SBS has publicly apologized to Vietnamese people for airing such a picture – “Modern Farmer” – that has sparked fury in Vietnam.

The consul general, Hong Hyeon Joo, talked to SBS’s representatives on Thursday shortly after learning of the incident and immediately demanded the channel stop airing that Korean drama, Kim Sung Hwan, Hong’s secretary, told Tuoi Tre the same day.

Consul General Hong also requested SBS not to broadcast other dramas with content and lines that can cause misunderstandings about Vietnamese women.

A Vietnamese bride is seen holding her child in South Korea in this still image. The Korean Consul General in Vietnam has ordered SBS – a major South Korean television channel – to cease broadcasting a film that features dialog believed to offend Vietnamese women following Tuoi Tre (Youth) newspaper’s reportage of it.
A Vietnamese bride is seen holding her child in South Korea in this still image. The Korean Consul General in Vietnam has ordered SBS – a major South Korean television channel – to cease broadcasting a film that features dialog believed to offend Vietnamese women following Tuoi Tre (Youth) newspaper’s reportage of it.

The Embassy of the Republic of Korea in Vietnam also urged Korean channels not broadcast films with similar sensitive, controversial content or dialog.

“Modern Farmer” is a series which stars Lee Hong-gi, Park Min-woo, Lee Si-eon, Kwak Dong-yeon, and Lee Ha-nui and has been broadcast on SBS at 8:40 pm every Saturday and Sunday since October 18.

Several days ago, Thuy Linh, a Vietnamese major in Korean studies, posted a screenshot of the second episode of the series on her Facebook page.

The screen capture shows a middle-aged mother trying to wake up her heavily drunk son.

Half asleep, the son insists he is set to get married.

“You always drink everyday, so you couldn’t bring a girl back from Vietnam,” [sic] the mother then tells him, according to the English subtitles.

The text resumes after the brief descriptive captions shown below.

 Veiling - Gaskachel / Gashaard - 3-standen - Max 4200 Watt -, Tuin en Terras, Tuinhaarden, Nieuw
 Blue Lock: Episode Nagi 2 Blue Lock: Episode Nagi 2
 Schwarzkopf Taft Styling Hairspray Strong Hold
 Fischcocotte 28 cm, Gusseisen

Linh watched with Vietnamese subtitles and her friend – a Tuoi Tre newspaper contributor – later traced the line back to its English translation.

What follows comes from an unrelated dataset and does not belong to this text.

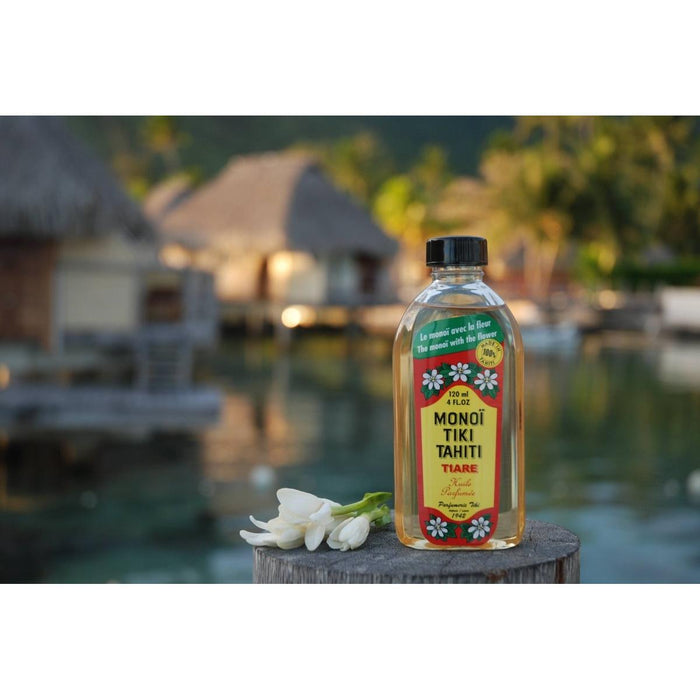 Monoi Tipanie Coconut Oil Monoi Tiare Tahiti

Even though the English translation seems not to indicate any clear offense, the mother’s Korean line does suggest that even Vietnamese women who are believed to be the easiest to marry will not accept a drunkard like him and he thus needs to fight his fondness for the bottle if he is to marry a girl.

The line has sparked outrage among Vietnamese over the past few days as its implication is believed to belittle and disparage Vietnamese brides who marry Korean men in particular and local women in general.

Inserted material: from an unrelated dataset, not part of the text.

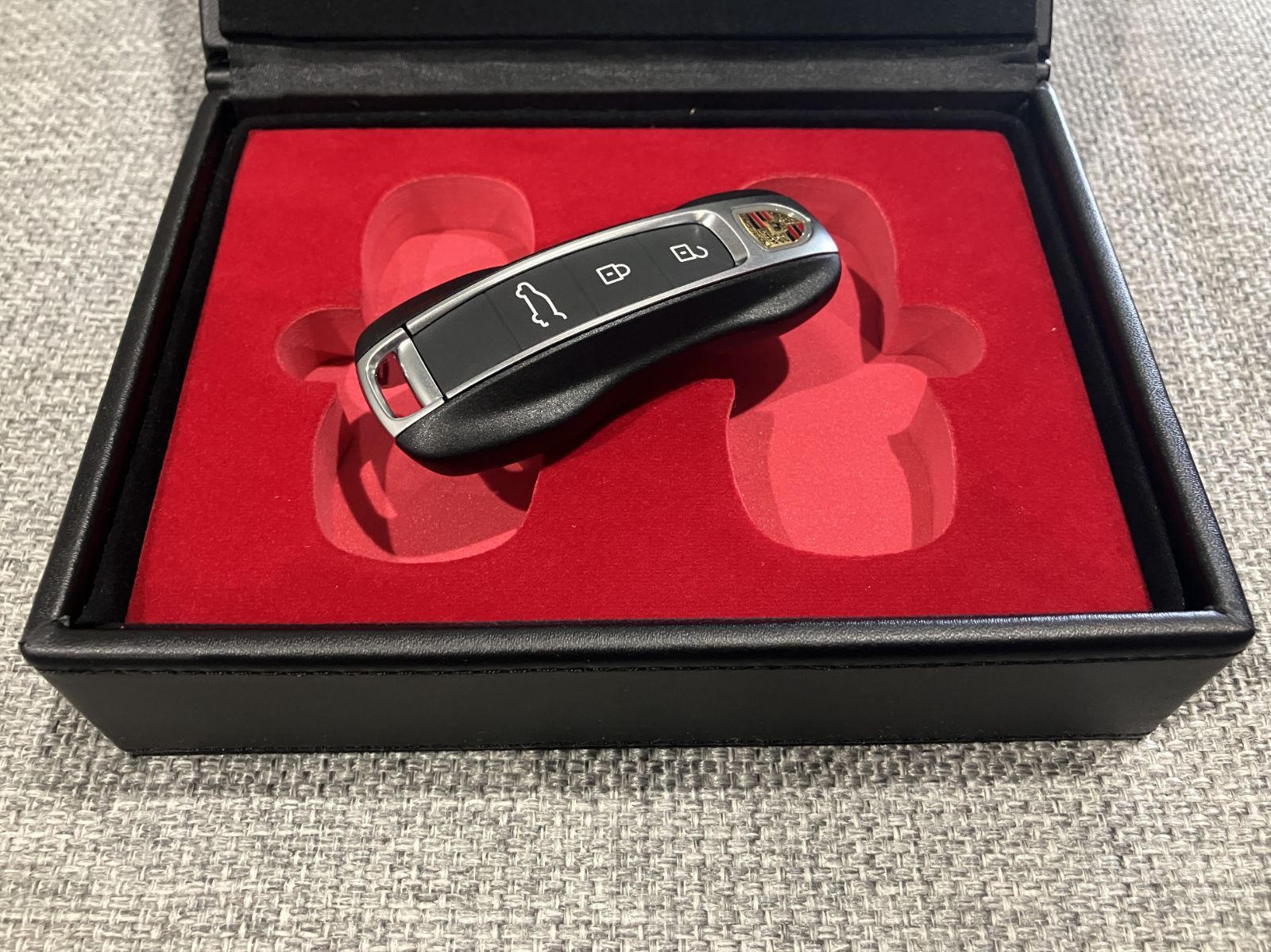 PORSCHE　ポルシェ　純正　スマートキー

Around a thousand comments from Tuoi Tre readers, including men, have flooded in the past few days, expressing fury and feelings of disgrace at the seemingly contemptuous line.

The episode containing the line was broadcast on SBS on October 19, according to Kim – the consul general’s secretary.

He also made it clear to Tuoi Tre that the filmmaker did not mean to express contempt for Vietnamese women in that dialog.

According to the storyline, the son earlier looked for a wife in Vietnam but failed to find one.

His mother’s line is only meant to remind him of that particular circumstance.

Kim added the film’s translations do not exactly match its content.

He added that the director unreasonably arranged the episodes featuring the son’s unfruitful quest for a wife in Vietnam after the one containing the controversial line, which has resulted in misunderstandings among Vietnamese audiences.

SBS’s apology

Also on Thursday, SBS sent the Korean Embassy in Vietnam an email regarding the incident along with a public apology to Vietnamese people following the conversation with the consul general.

The channel management asked the embassy to transfer the email and apology to Tuoi Tre and Vietnamese people.

SBS also posted the apology on its official website, saying the scene and line were meant to accentuate the son’s vices only, not to show disrespect for Vietnamese women at all.

It is truly sorry as the dialog has hurt Vietnamese people’s feelings, the channel said, promising to produce next films with better preparations and considerateness.

Secretary Kim said the embassy appreciates Tuoi Tre’s goodwill and honesty in fully covering the issue.

“We’re really thankful to Tuoi Tre for its timely, objective coverage and comments,” Kim added.